Students from the School of Library and Information Science undertook a project to collect and digitize the records of local historians regarding the history of the Underground Railroad in Clinton. 

The Clinton area's role in the Underground Railroad is not widely known, even among local residents. This projected culminated in creation of a publicly accessible LibGuide, an easy-to-use content management system.

In Fall 2022, students in the course Humanities Librarianship, taught by Jennifer Burek Pierce, collected the resources for the guide and explored whether or not new source material could be uncovered through searching online databases. During Spring 2023, students in the course Information Organization, taught by Micah Bateman, designed the LibGuide.

The LibGuide can be accessed at: https://slis-uiowa.libguides.com/clintonundergroundrailroad 

The results of the work in the Fall 2022 semester resulted in four important conclusions and one recommendation for further research, as summarized by Dr.
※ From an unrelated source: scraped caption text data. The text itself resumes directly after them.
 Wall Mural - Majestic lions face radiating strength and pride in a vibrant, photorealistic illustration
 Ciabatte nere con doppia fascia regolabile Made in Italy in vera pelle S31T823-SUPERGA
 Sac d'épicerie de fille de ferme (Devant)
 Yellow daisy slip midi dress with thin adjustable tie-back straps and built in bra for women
Burek Pierce below:

After identifying extensive numbers of published works and databases of primary and secondary sources that could have content regarding the Underground Railroad in Clinton and the region, developing search queries and exercises for students to explore, I have concluded that further information about the Clinton community's involvement with the Underground Railroad will not be found through these resources. 

There are multiple reasons for this, of which four seem most important.  One has to do with the nature of the site, two have to do with available resources, and one has to do with the methodology. 
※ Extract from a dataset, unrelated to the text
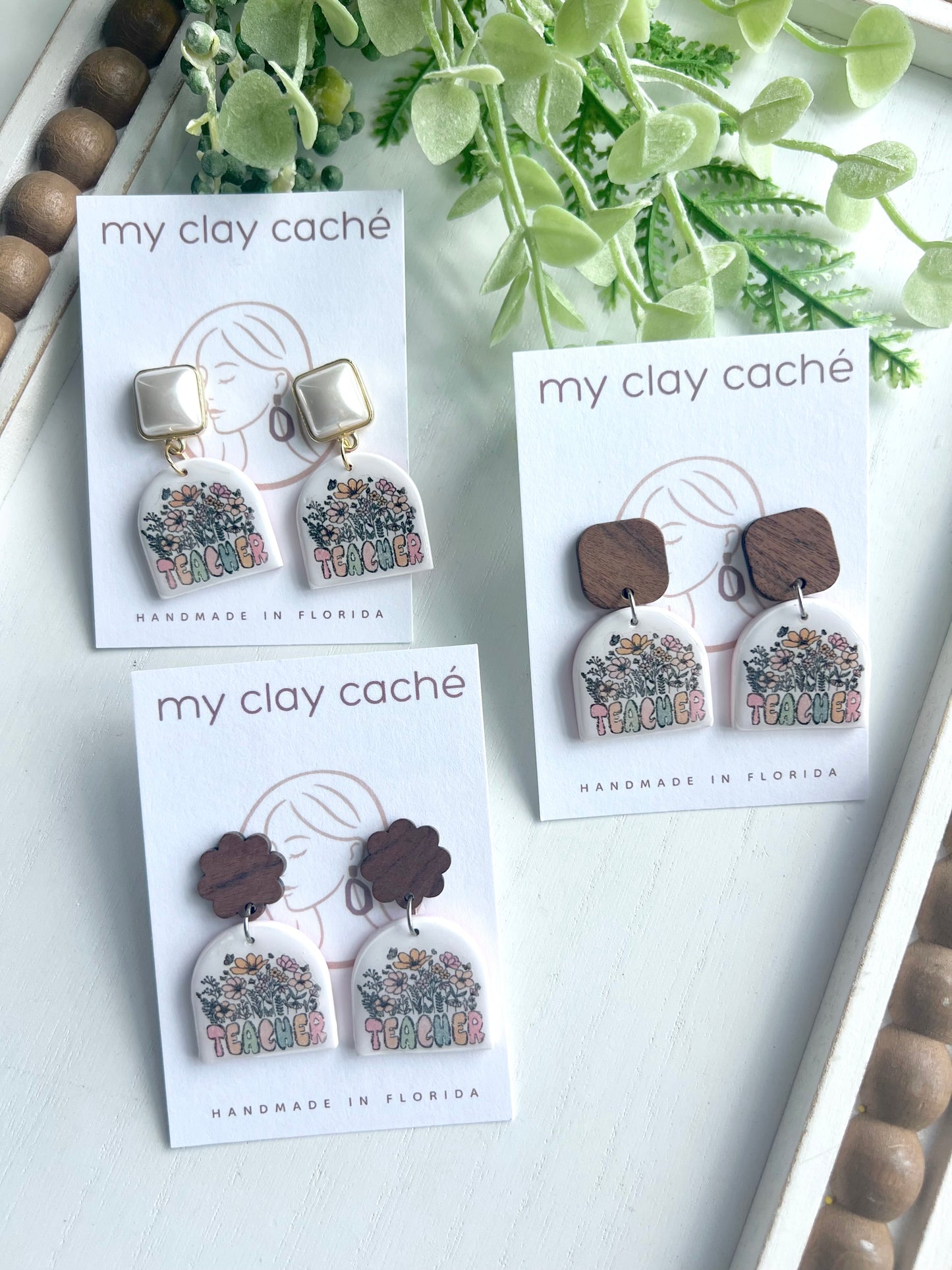 Floral “Teacher” Dangles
  • First, there are date ranges during which the Underground Railroad was most active, and Clinton was not an incorporated municipality during many of those years.  This makes locating activity specific to Clinton somewhat less likely. 
  • Second, while there were Black newspapers that highlighted Black voices and perspective in Iowa during this time, preservation of them was problematic.  Some that have been preserved are damaged and therefore partial, and there are no remaining copies of what was the biggest and most central of the Black newspapers from this era (see https://chroniclingamerica.loc.gov/lccn/sn83025186/).
  • Third, there are digitized resources that identify and preserve the voices of people who were enslaved, but much of this media focuses geographically on southern states (e.g., https://www.loc.gov/collections/slave-narratives-from-the-federal-writers-project-1936-to-1938/articles-and-essays/introduction-to-the-wpa-slave-narratives/wpa-and-the-slave-narrative-collection/); also, Iowa archives like the IWA focus on more recent historical eras and thus do not have material germane to this subject.
  • Fourth, at the same time that I have looked for resources to search, determined appropriate search terminology and strategies for students to use in various resources, and students have built on this work, I have also looked for research on parallel projects.  What I have learned through that secondary research, and what students have concluded through parallels to their dissertation research, is that the sort of searching we've been doing is unlikely to yield more in-depth information that Clinton seeks.
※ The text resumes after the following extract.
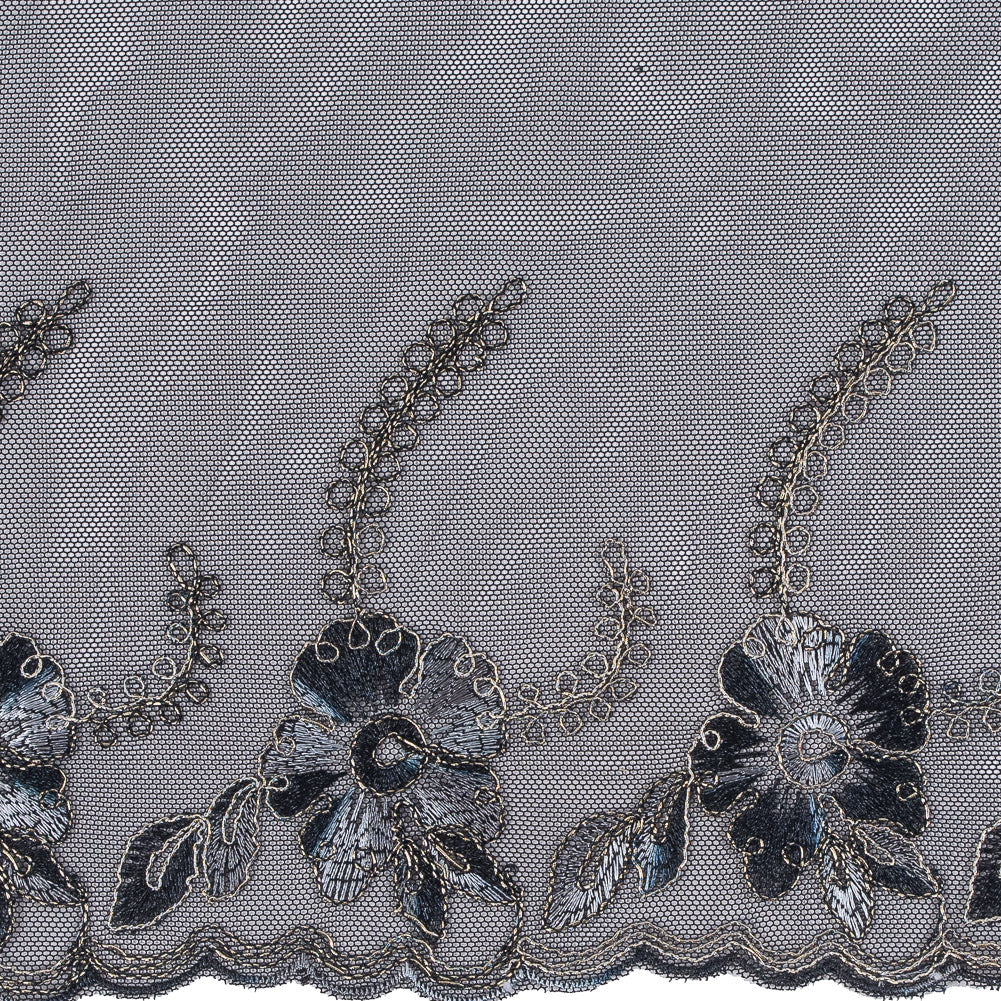 Black and Metallic Gold Embroidered Mesh with a Scalloped Edge - 7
Recently, the AHA has highlighted projects that successfully recover institutional histories of slavery, and they offer insights into the work that is necessary to do this sort of very necessary historical reexamination: 

  • First, I'm finding that while this work sometimes happens in conjunction with a course, it also rests heavily on the establishment of working groups that will engage with the research and related work over years.  Penn has created one such group:  https://www.historians.org/research-and-publications/perspectives-on-history/november-2022/a-bare-and-open-truth-the-penn-and-slavery-project-and-the-public  The prevalence of this model is recognized by the establishment of the Universities Studying Slavery Consortium:  https://slavery.virginia.edu/universities-studying-slavery-uss-the-birth-of-a-movement
  • The more time we have spent with this project, the more we believe that the desired information is most likely to come from careful and considered reexamination of particular kinds of primary sources.  This means, for example, reexamining correspondence that hasn't been considered potentially relevant -- broadly, our field is interested in a practice called reparative indexing that reassesses primary source documents for their ability to speak to the experience of people not deemed central when the finding aids were created.  It also, in this matter, likely means identifying court cases and reexamining the associated documents for potential commentary.  This sort of work would require a focused course and likely the sort of continuous work of the sort modeled by Penn, Georgetown, UVa, and other institutions.

Thus, while there is a robust collection of documents and media for the LibGuide, our searches have not yielded the sort of information that the Clinton community hoped we would be able to produce.  Having examined, extensively, the materials on the Underground Railroad in Iowa, we do believe this is important work and value the community's interest in learning more in order to offer new representations of this movement.